===== Dataset content
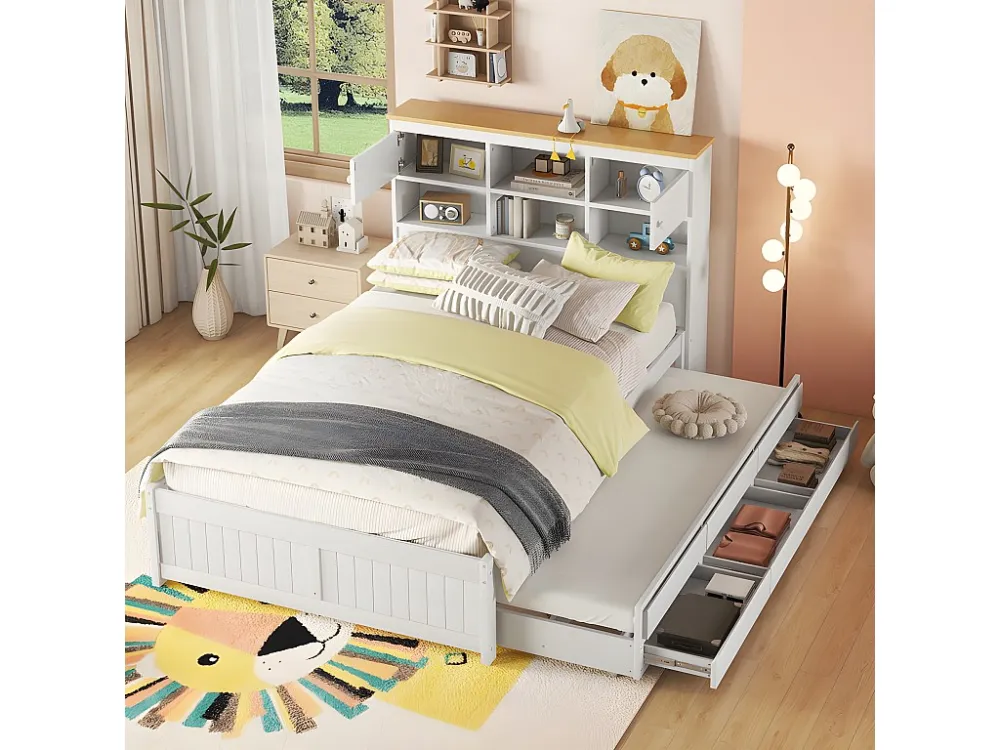 Houten onderschuifbed 140x200cm - met 3 lades en opberghoofdeinde - Wit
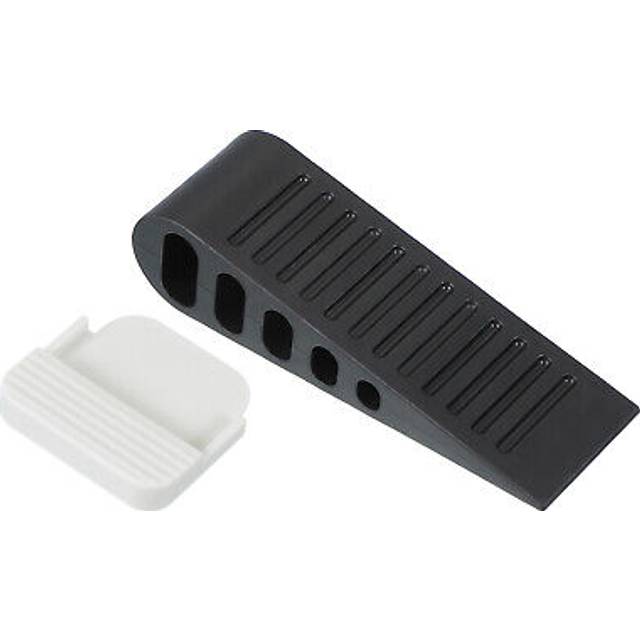 1pcs rubber door wedge stopper door stop for bottom of door with holder, black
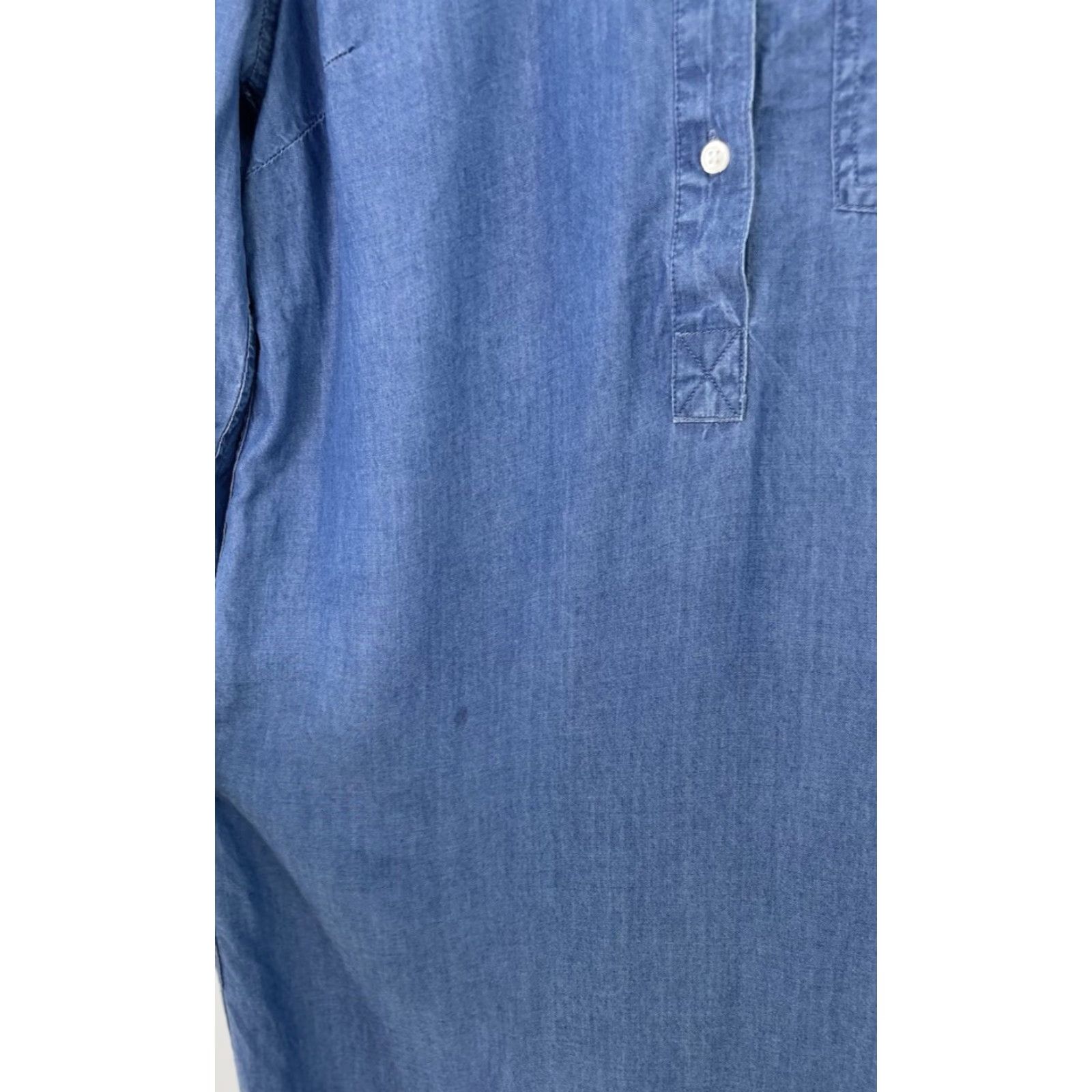 Old Navy Old Navy Chambray Shirt Dress Button Front Blue Long Sleeve S Womens Regular Size 100% Lyocell Casual Vintage No N/A Size S / US 4 / IT 40 - 4 Thumbnail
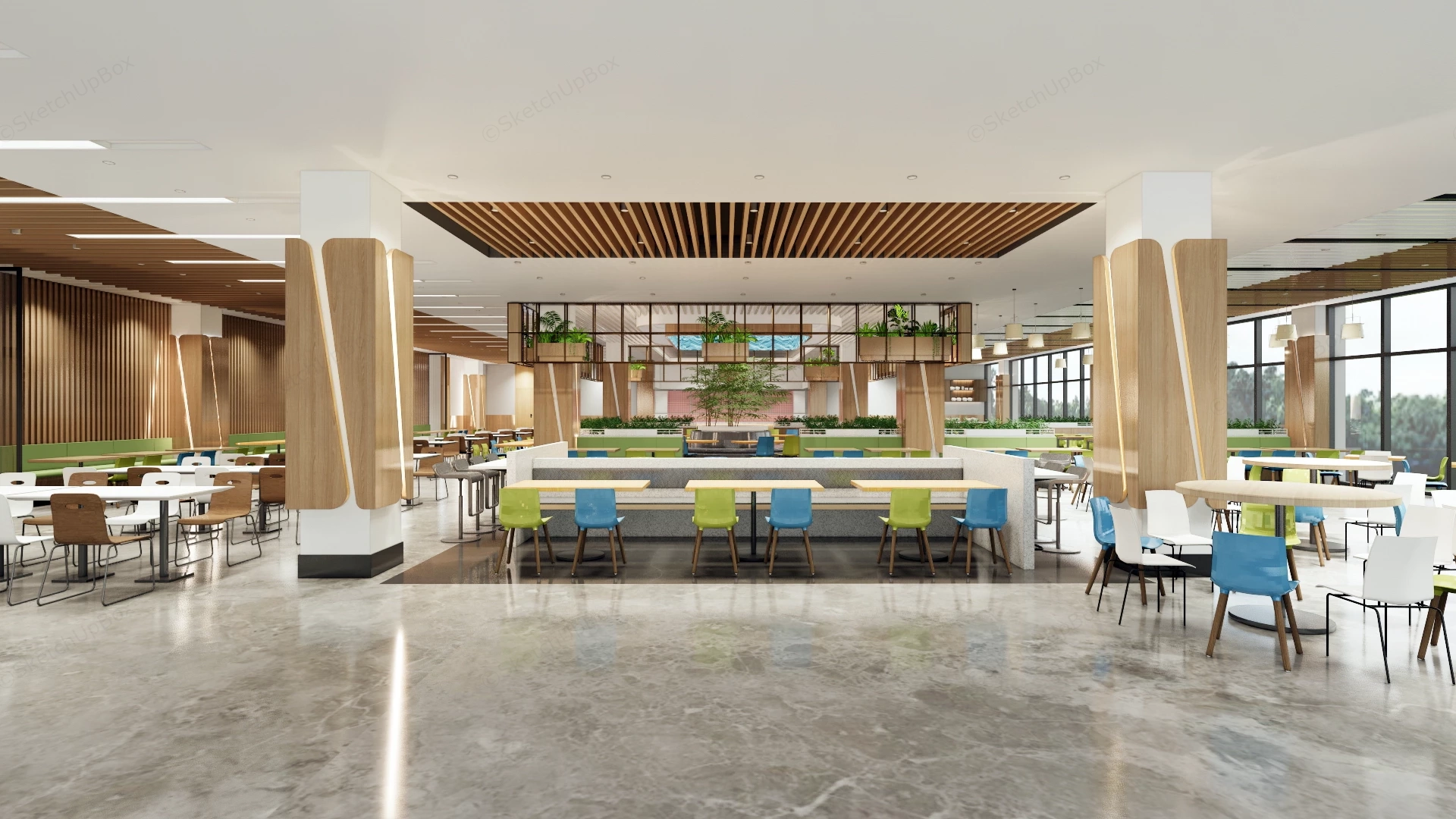 Modern Commercial Cafeteria & Food Court Interior Sketchup 3D Model Preview - SketchupBox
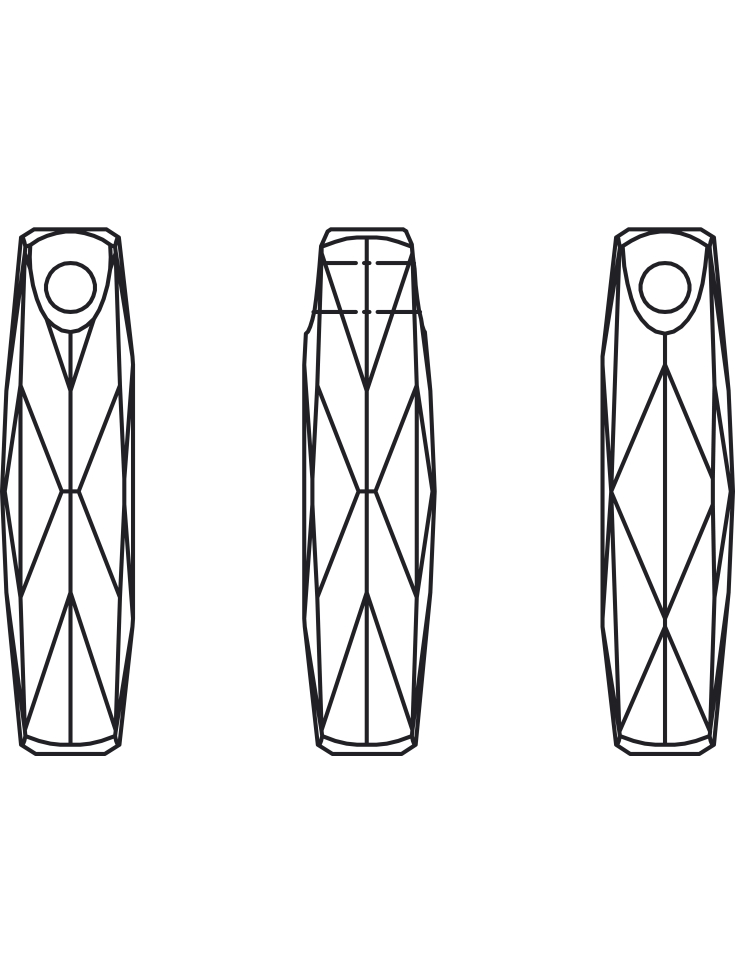 Pendentif colonne 20mm cr golden sh  Pendentifs colonne (6460)- 3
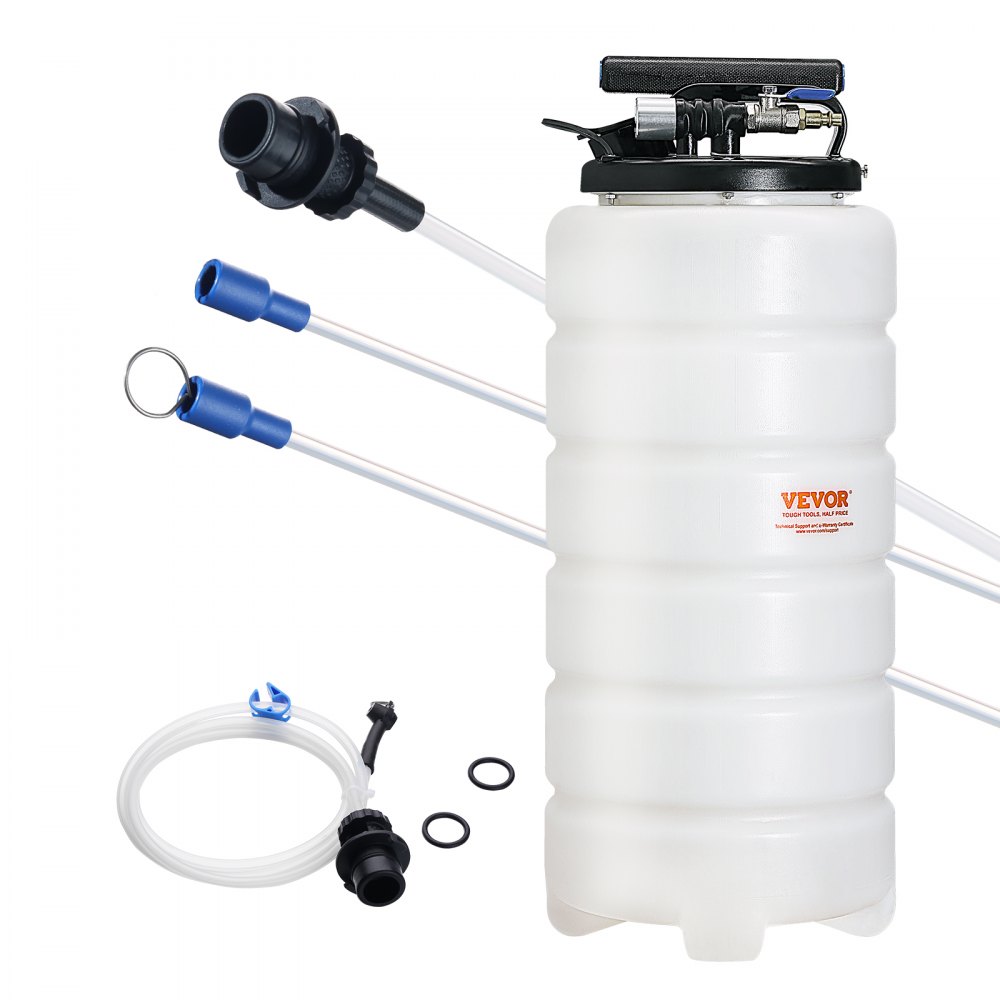 VEVOR Fluid Extractor, 4 Gallons (15 Liters), Pneumatic/Manual Oil Changer Vacuum Fluid Extractor with Dipstick and Suction Hose, Oil Extractor Change Pump for Automotive Fluids Vacuum Evacuation - SDCYQ15LQD20CAED3V0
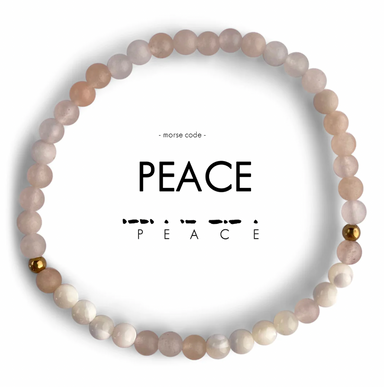 Ethic Goods Morse Code Bracelet Peace - Mother of Pearl & Pink Aventurine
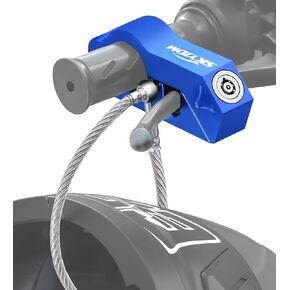 Motorcycle Locks, Motorcycle Brake Lock & Helmet Lock Anti-Theft Grip Lock Combo for All Motorcycle Bike ATV Scooter with Handlebar Diameters Within 1.3-1.5 Inches (Blue)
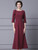 Burgundy Short Sleeve Beading Mother Of The Bride Dress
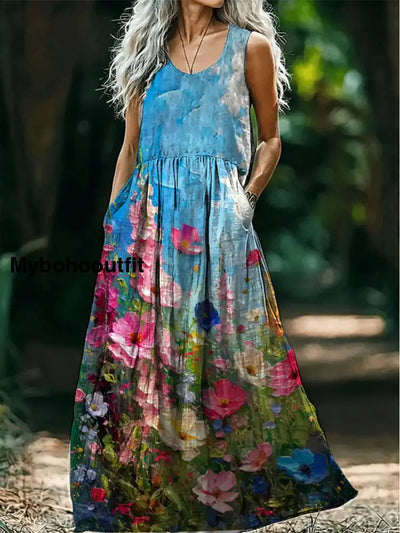 Retro Boho Floral Art Print Round Neck Sleeveless Cotton Pocket Dresses A / S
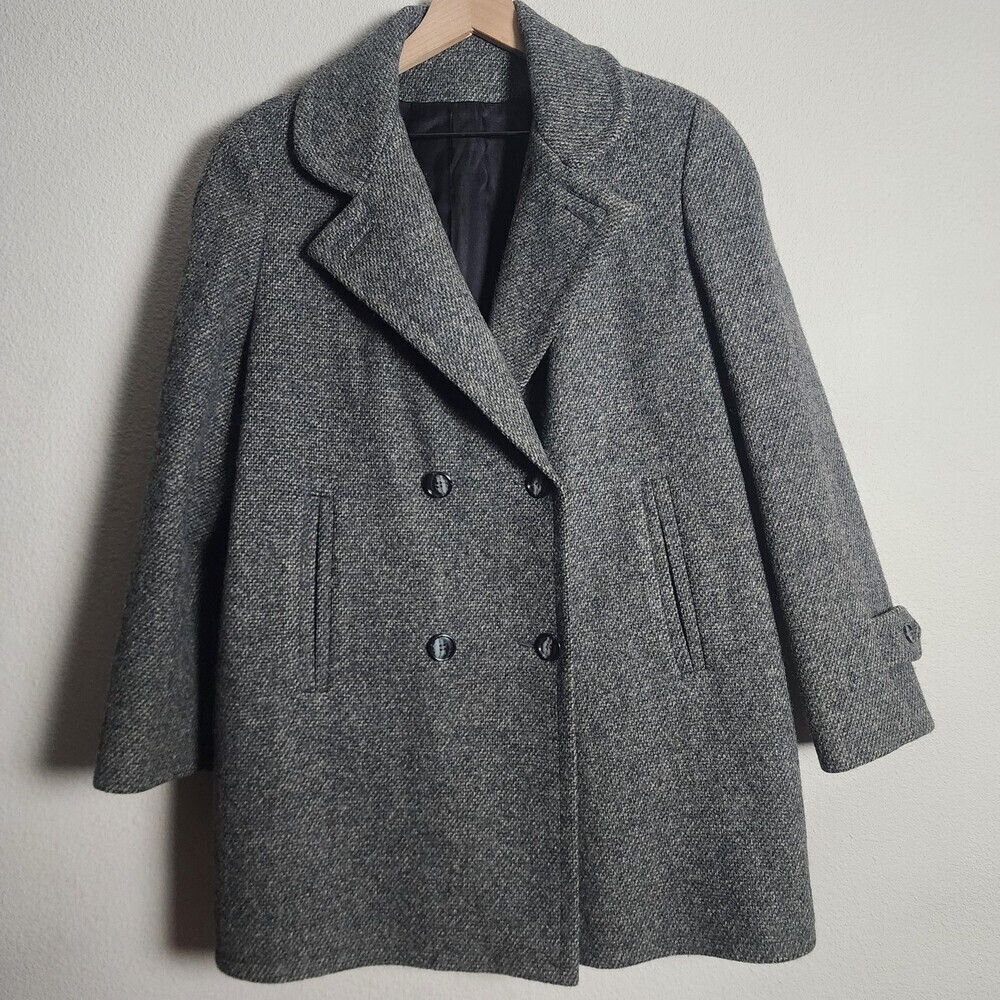 Vintage Wool Pea Coat Womens XL Herringbone Tweed Double Breasted Made USA 80s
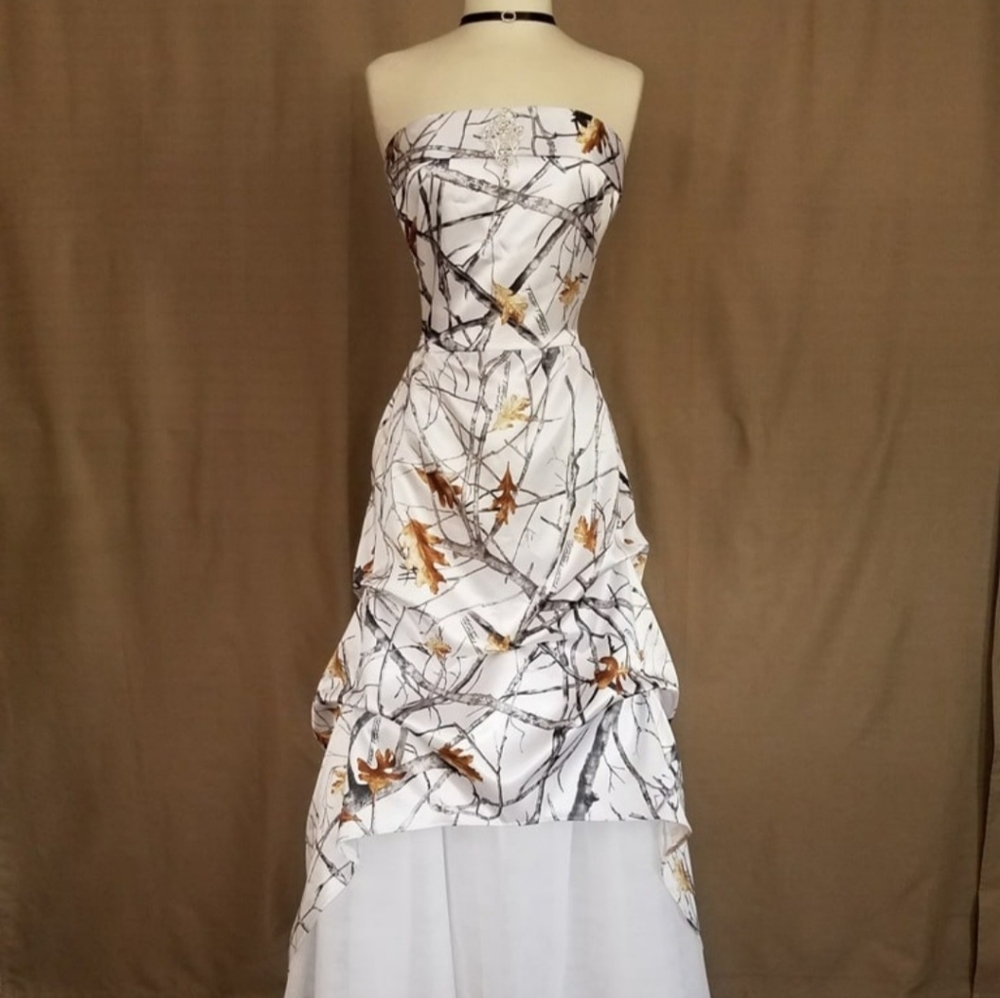 True Timber Camo White Wedding Prom Bridemaids Dress Size 24 NEW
==========
### What to do
From the listing above, restate verbatim the lines running from the one with "Modern Commercial Cafeteria" through the one with "Pendentif colonne 20mm", inclusive, but not the pictures.

### Written response
 Modern Commercial Cafeteria & Food Court Interior Sketchup 3D Model Preview - SketchupBox
 Pendentif colonne 20mm cr golden sh  Pendentifs colonne (6460)- 3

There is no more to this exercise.